In Pakistan and Afghanistan, polio is categorized as endemic. India, on the other hand, was certified as polio free by the World Health Organisation in 2014 after the last polio case in the country was detected on January 13, 2011.
“We administer drops of polio vaccine to every pilgrim irrespective of their age. The reason is that India is polio free and neighbouring countries Pakistan and Afghanistan are not polio free,” nodal officer dealing with health facilities at Dera Baba Nanak ICP, Dr Lakhwinder Singh Athwal, told The Sunday Express.
Jathedar Harpreet Singh was the first person to be administered two drops of oral polio vaccine on November 9, 2019, Athwal said. Punjab Health Minister Balbir Singh Sidhu had administered the jathedar the drops. All the prominent personalities, who were part of more than 500-strong jatha that crossed over to Pakistan, were administered polio drops. The delegation included former Prime Minister Manmohan Singh, Punjab Chief Minister Capt Amarinder Singh, former chief minister Parkash Singh Badal, Parliamentarians including Sunny Deol, Sukhbir Singh Badal and Harsimrat Kaur Badal, and Punjab ministers and MLAs.
Athwal said that many in the first batch of pilgrims were apprehensive about taking the polio drops saying they had been already immunized. “I informed them why it was necessary even if they had been immunized,” he added.
Children below five years of age are certainly more prone to polio virus, he said, adding that already immunized adults were also being administered drops because if they get infected in Pakistan, there are chances that they may carry the virus back home in India through their fecal matter.

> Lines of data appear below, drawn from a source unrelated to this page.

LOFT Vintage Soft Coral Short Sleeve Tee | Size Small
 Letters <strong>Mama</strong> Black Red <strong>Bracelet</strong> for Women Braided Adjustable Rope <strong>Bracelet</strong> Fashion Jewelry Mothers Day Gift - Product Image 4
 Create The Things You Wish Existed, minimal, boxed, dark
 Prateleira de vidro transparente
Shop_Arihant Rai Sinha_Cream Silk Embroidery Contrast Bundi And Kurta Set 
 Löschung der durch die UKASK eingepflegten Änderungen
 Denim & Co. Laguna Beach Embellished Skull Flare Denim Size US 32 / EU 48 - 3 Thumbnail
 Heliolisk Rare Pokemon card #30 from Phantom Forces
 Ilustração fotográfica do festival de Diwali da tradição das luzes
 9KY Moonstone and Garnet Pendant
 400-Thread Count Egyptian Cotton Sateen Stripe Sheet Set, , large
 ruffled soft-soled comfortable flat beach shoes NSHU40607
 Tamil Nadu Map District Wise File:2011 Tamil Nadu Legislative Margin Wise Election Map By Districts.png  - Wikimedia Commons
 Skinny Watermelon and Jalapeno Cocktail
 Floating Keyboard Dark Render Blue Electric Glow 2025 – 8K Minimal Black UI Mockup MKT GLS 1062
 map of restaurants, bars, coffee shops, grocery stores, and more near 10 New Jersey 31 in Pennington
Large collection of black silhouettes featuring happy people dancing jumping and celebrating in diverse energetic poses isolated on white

WHO describes polio as “a highly infectious viral disease,” which mainly affects young children.” The virus is transmitted by person-to-person, spread mainly through the faecal-oral route or, less frequently, by a common vehicle (such as contaminated water or food) and multiplies in the intestine, from where it can invade the nervous system and can cause paralysis… the disease causes paralysis, which is often permanent. There is no cure for polio, it can only be prevented by immunization,” as per the WHO.
Already immunized adults, Athwal said, would not contract the disease even if polio virus enters in their bodies. “But the virus can be transmitted through the pass faecal matter. To prevent transmission of virus in this manner from Pakistan, we boost the immunity of the pilgrims with two drops of vaccine,” said Athwal, who is also serving as senior medical officer (SMO) at Kalanaur.
Even if a child has been administered the drops, the authorities administer a supplementary dose at the ICP. “It is mandatory as per WHO guidelines,” said Athwal.
On an average more than 500 pilgrims cross over to Pakistan and come back the same day in the evening after paying obeisance at the Sikh shrine in Kartarpur.
Till February 29, around 57000 pilgrims had visited the gurdwara ever since the corridor became operational.
Apart from administering polio drops, another team of health officials at Dera Baba Nanak ICP are also recording travel history and other signs and symptoms of the visiting pilgrims for coronavirus.